At this point in the course, you can create linear and logistic regression models to work with continuous and categorical outcome variables. However, you have only worked with predictors that were continuous variables. It stands to reason that you can use categorical variables as predictors in a regression model.
The first way to exploit a categorical predictor is to add it to the regression model. If there are more than two categories, you need to break down the variable into multiple binary ones.
The other approach called ANOVA stands for Analysis of Variance. This method was formerly introduced in Fisher's 1925 classic book Statistical Methods for Research Workers. ANOVA is used to analyze the differences in the mean of groups of samples with respect to categories. It is a way to extend the t-test (remember Chapter 1.4 on hypothesis testing) to multiple groups and categories.
In this chapter, you will learn about:
How to add categorical values in a regression model:
With one hot encoding
Using binary encoding when the variable has way too many categories.
The ancient and respected techniques of ANOVA.
Throughout the chapter, we will work on the auto-mpg dataset to demonstrate how to handle categorical variables.
Let's get to it!
The dataset has four continuous variables and four categorical ones: cylinders, year, origin, and name. Cylinders and year are ordered, and can be used directly in the regression model. We are interested in the non-ordinal categorical variables:
The name of the car.
Therefore, the origin variable is just a categorical variable with three values American, European, and Japanese.
American: 245 cars
Japanese: 79 cars
European: 68 cars
The other categorical variable available is the name. However, we have 301 different names for 392 samples.

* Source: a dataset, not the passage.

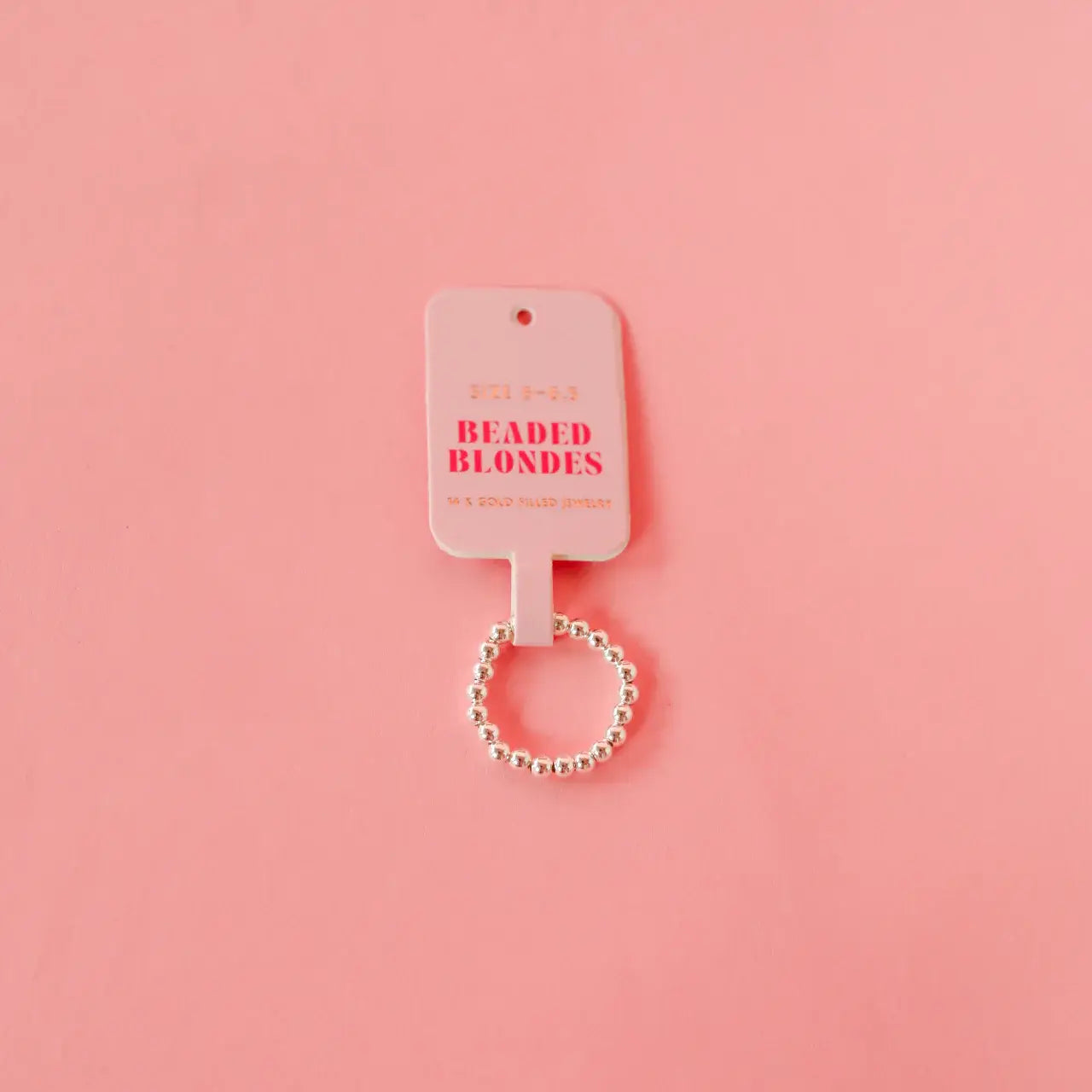 Lauren Beaded Band in Silver-Beaded Blondes-The Twisted Chandelier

Instead of considering the name of the car as our categorical variable, we'll extract the brand of the car, which happens to be the first word in the name field.
For that, you use:
df['brand'] = df.name.apply(lambda d : d.split(' '))
Let's first consider the univariate model mpg ~ origin and use the origin variable as a predictor:
results = smf.ols('mpg ~ origin', data = df).fit() results.summary()
A couple of things stands out:
The stastmodel library has automatically handled the categorical feature by creating two variables: origin[T.European] and origin[T.Japanese].
We have three original categories, but only two of them show up in the results.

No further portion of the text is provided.